CinémaEntrevues
Crédit photo : Isabelle Courville
Mêmes règles, même patinoire, même désir brûlant de faire des buts. Le hockey féminin n’est pas tant différent de celui que pratique la sainte flanelle. Mais il est beaucoup moins connu, voire oublié des projecteurs médiatiques. Et ce n’est sûrement pas en raison d’un niveau plus faible. À observer les filles qui s’évertuent à ce que l’on s’intéresse à leur sport dans le documentaire de la réalisatrice Jessica Desjardins, Les Stars (nom de l’équipe montréalaise), on est loin des joutes de ringuette entre fillettes de sixième année.

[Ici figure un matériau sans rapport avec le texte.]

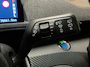 Ford Mustang Mach-E AWD 75 kWh|92% SOH|FULL OPTION|PANO|LEDER|MEMORY|B&O|ACC|360+V+A-CAMERA|CARPLAY|STOEL+STUURVERW|NL|IN BTW|NAP|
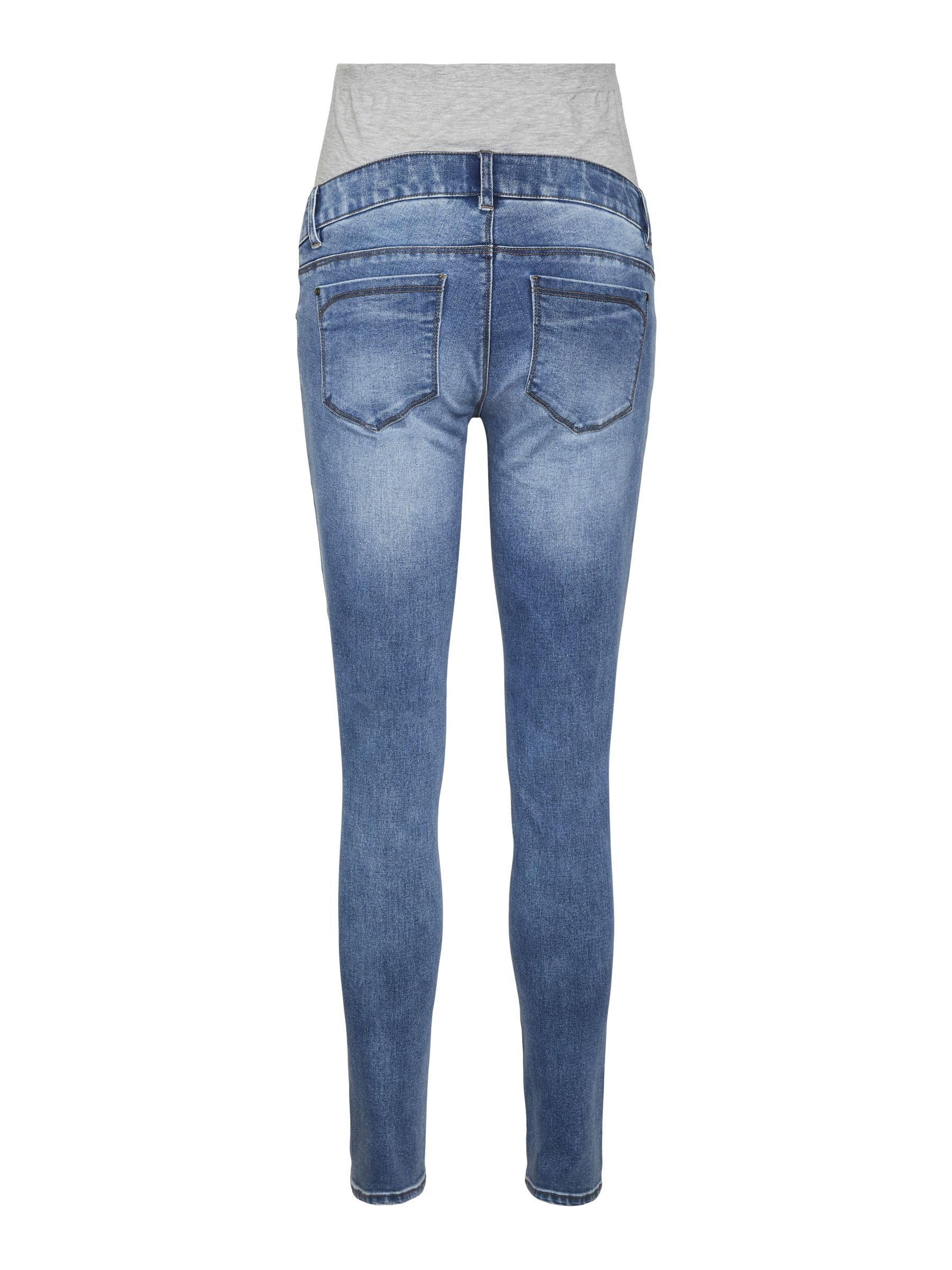 mamalicious-damen-jeans-mlnewyork-mb-slim-recycled-umstandsgeeignete-slim-fit-je image 7
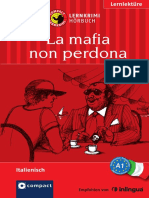 a1 La_mafia_non_perdona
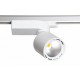 Светильник Lival Trigger LED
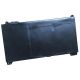 Baterija za laptop HP ProBook 440 450 G5 G4 440 G5 RR03 - 107142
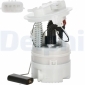DELPHI FG270412B1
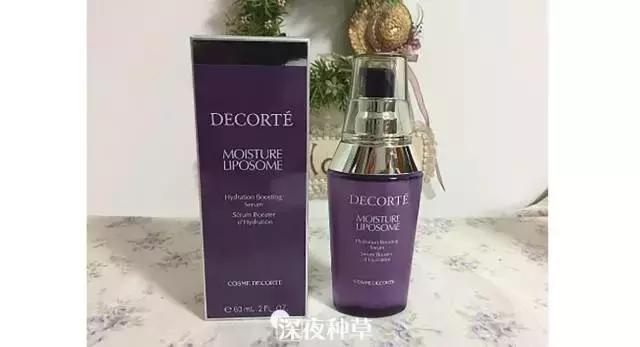 什么粉饼值得一口气买20个？你们的回购清单也太让人震惊了！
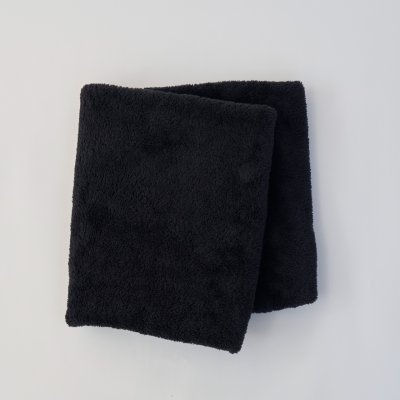 画像1: beauty・beast       Millennium big snood・black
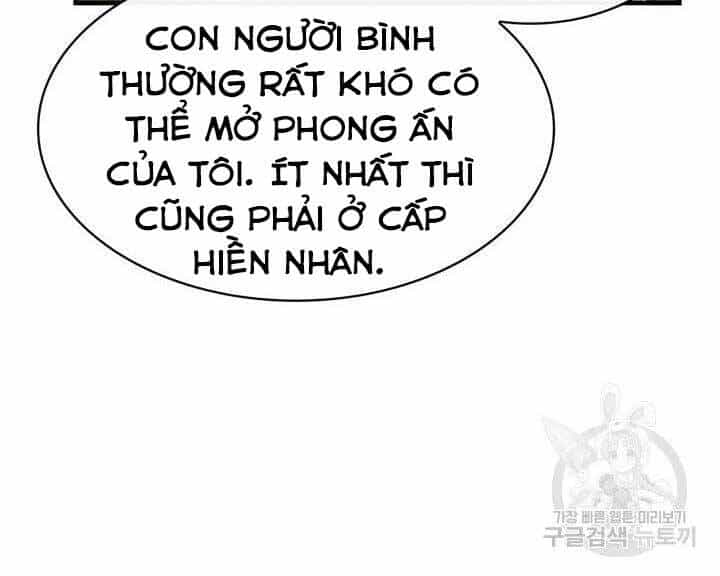 Thợ Săn Gacha Cấp Sss - Chương 43 - ảnh 66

«Le but était de filmer des filles qui jouent au hockey et qui sont passionnées. Je voulais montrer à quel point il y a un grand manque de reconnaissance et de visibilité pour cette équipe. Elle est toujours dans l’ombre du Canadien de Montréal», se désole Jessica, qui entame la dernière ligne droite avant d’être détentrice d’un baccalauréat en cinéma de l’Université du Québec à Montréal. La cinéaste de 29 ans a toujours été attirée par les arts. Musicienne à ses heures, compositrice à temps perdu, la carrière artistique fait partie de ses projets d’avenir depuis longtemps. Mais rien ne la prédestinait à s’intéresser au hockey de manière aussi engagée que pour Les Stars. Un beau fruit du hasard.
«Je n’avais aucune connaissance du hockey, et encore moins du hockey féminin, explique-t-elle, encore surprise. Un jour, on m’a emmené voir un match de hockey féminin et j’y ai pris des photos. J’ai adoré le style de jeu. Ce n’est pas violent, c’est stratégique et les filles sont d’une grande élégance sur la glace. Il n’y a pas de bataille de testostérone!» C’est alors qu’une des bénévoles de l’équipe la remarque et lui propose de devenir photographe pour l’équipe, ce qu’elle accepte. De Toronto à Boston, la cinéaste a suivi l’équipe armée de son appareil photo pendant une saison entière. «Je me suis aperçue que les filles n’étaient pas juste des hockeyeuses» se souvient-elle. Interpellée par cet univers particulier où se mêlent compétition féroce et solidarité féminine, l’idée de produire un documentaire a commencé à germer.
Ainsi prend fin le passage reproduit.